| Instructions for the task |
With the images excluded, set down every line of the listing below exactly.

| Records for this task |
· · · · · · ·

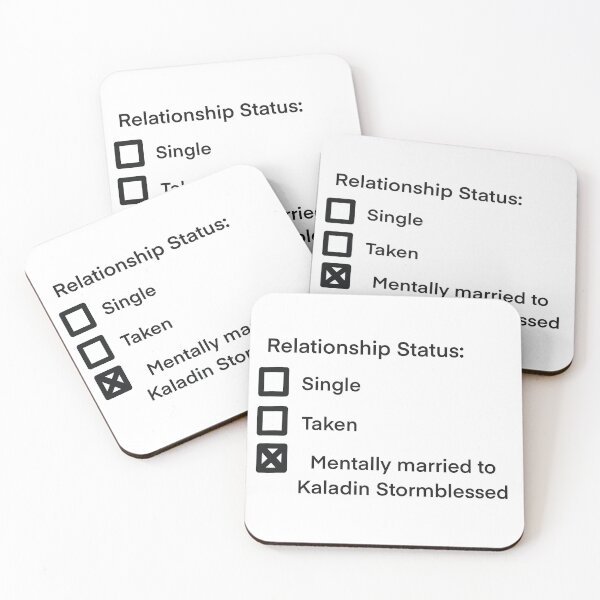 Item preview, Relationship Status: Stormblessed designed and sold by MaryAreWe.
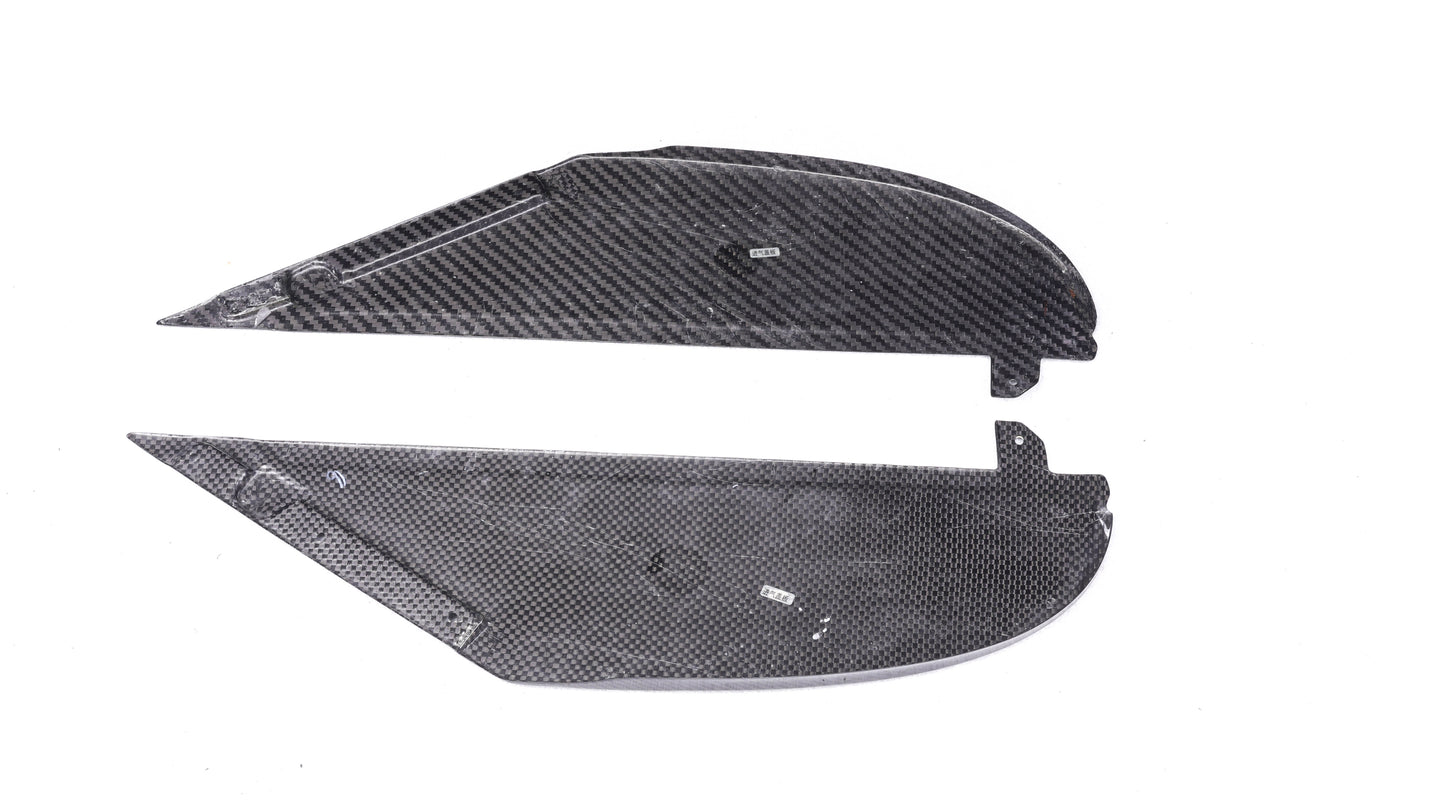 DynaCarbon™️ Carbon Air Intake Cover for BMW G80 G82 G83 G87 M2 M3 M4 2021-2026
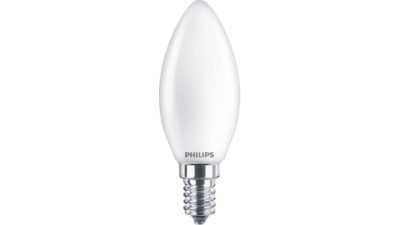 Led Filamentkaarslamp mat 25W B35 E14 x2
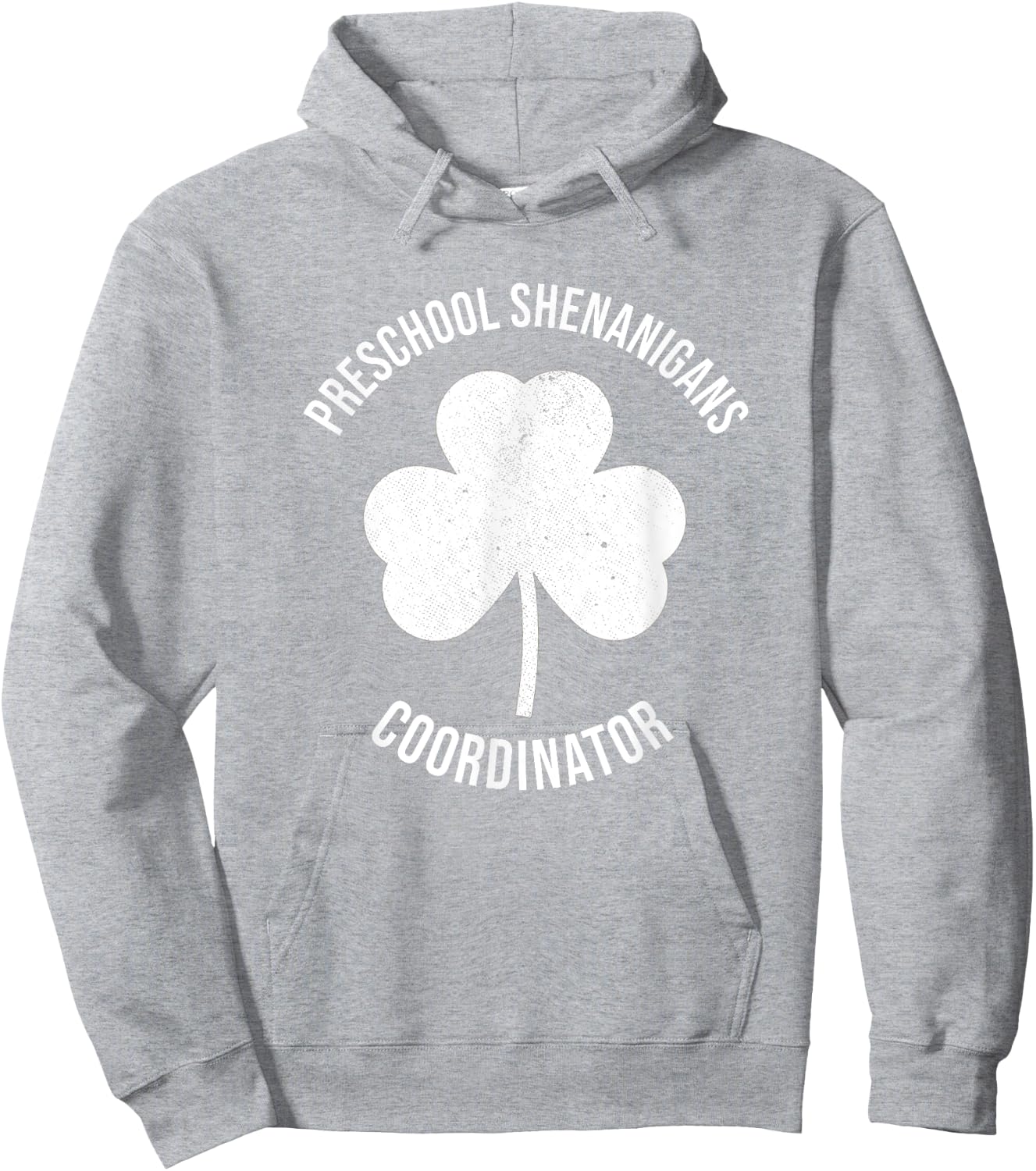 Preschool Teacher St Patricks Day Shenanigans Coordinator Hoodie - Hoodie | Ash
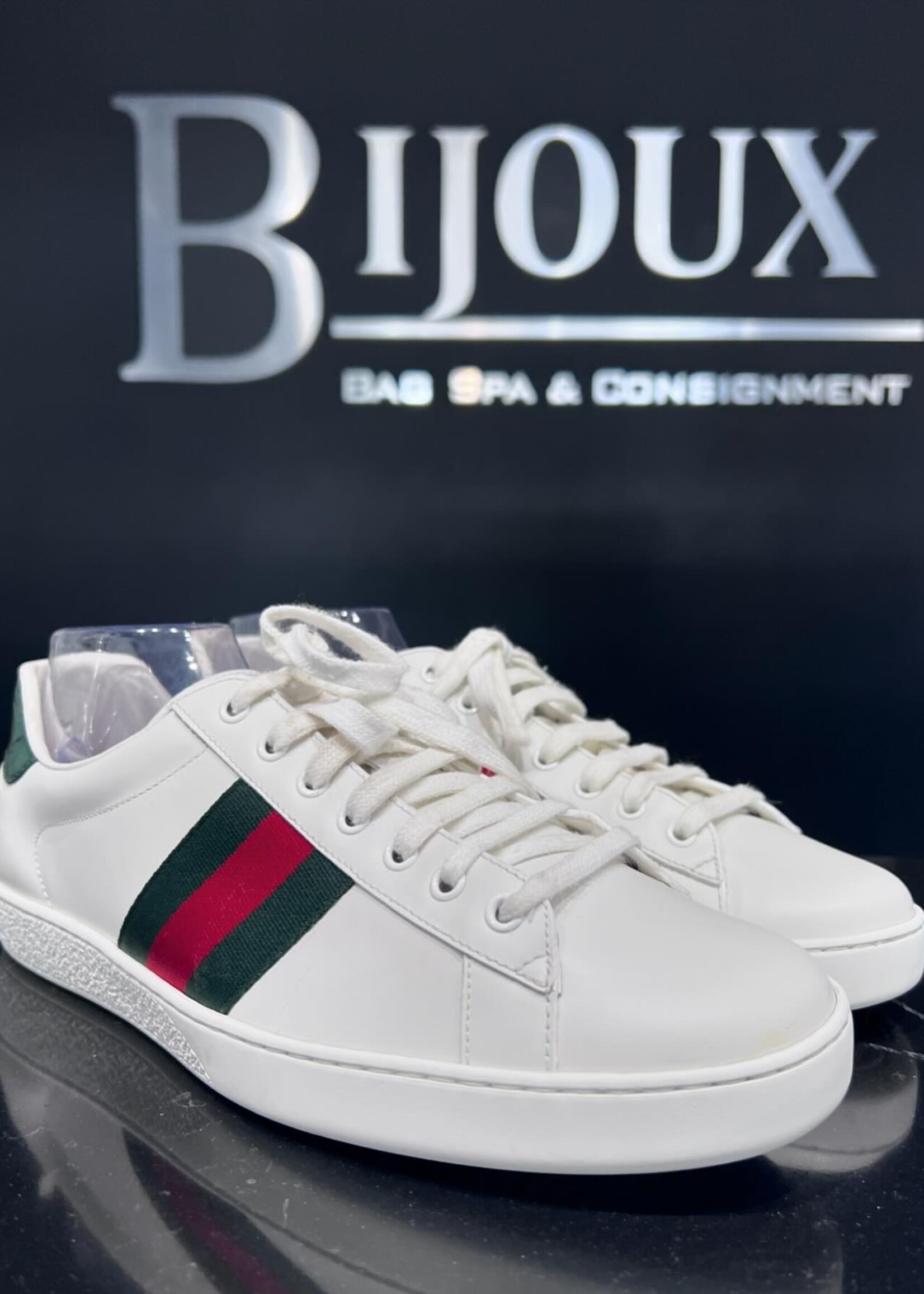 Gucci SOLD - Gucci Mens Ace Sneaker 10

· · · · · · ·

| Task response |
 Item preview, Relationship Status: Stormblessed designed and sold by MaryAreWe.
 DynaCarbon™️ Carbon Air Intake Cover for BMW G80 G82 G83 G87 M2 M3 M4 2021-2026
 Led Filamentkaarslamp mat 25W B35 E14 x2
 Preschool Teacher St Patricks Day Shenanigans Coordinator Hoodie - Hoodie | Ash
 Gucci SOLD - Gucci Mens Ace Sneaker 10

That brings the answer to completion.